Well, it looks like the artist calendar is finally dead. I’m not entirely upset about it — I mean, yeah, I’m sort of bummed that the project didn’t come together this year as it would have normally, but I’m slightly glad of it. It’s a bit stressful and chaotic trying to chase after files and get things settled sometimes.
Anyway, this work was originally an overflow work for the calendar. It’s already been published live on my page for a few months now because I had an inkling of a feeling. I started the work in early summer and started chipping away at it between other projects, bit by bit, trying to figure out what exactly I wanted.
I was going with the memory theme with the outlines of objects and that sort of thing I’ve been doing lately. These are shaping up to a sort of series, to be honest, and there’s still a few I have yet to draw. They all feature Azra as the central character, and they’re all touching on memories and traumas of his in one form or another. You may have seen these two works covertly slide onto my gallery:
Which take on the same theme and those neon, abrasive memories. These are less clear cut than the glimmering yellow of Windswept’s bitter-sweet memories…

…or the glistening sharp gold of Falco’s sword in Ghost. Nor are they as angry and vicious as the blade in It’s Only or the arrows in Wounded. They are hard to discern.
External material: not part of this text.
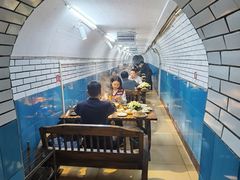 -洞庭洲·防空洞火锅·铜锅涮肉·烧烤(新百广场店)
But this one is clear. I wanted this to be more about some things that happen in the book I am working on. In the first book, Marked for Life, we meet Azra and Brooke, an we follow them into this chaotic adventure where neither of them are in any place, physically or emotionally, to enter into a relationship with one another but can’t deny their feelings for one another. Amidst this, Azra is competing with himself to recall who, exactly, he is — he’s spent so much time running from things and trying to disappear that he no longer remembers. He has glimpses of things he is not sure are his memories or if they’re just mirages. He wakes up from dreams swearing that the present is not that. He remembers faces and situations but he doesn’t know from where. He has to cast all of this self-questioning aside to attempt the task at hand — and battle with his drug addiction.
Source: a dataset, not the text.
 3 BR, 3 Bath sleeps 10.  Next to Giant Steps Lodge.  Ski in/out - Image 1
In the second book, Azra begins down that tightrope, that winding path. While he’s never quite entirely felt at home in the city, he knows there’s some allure to the forest, but he is not sure what. Is it calling to him? Is that his true home? Can diving into his memories help him deal with the future and the present or just reopen old wounds? Tentatively, he explores, and gradually, he learns who — and what — he really is.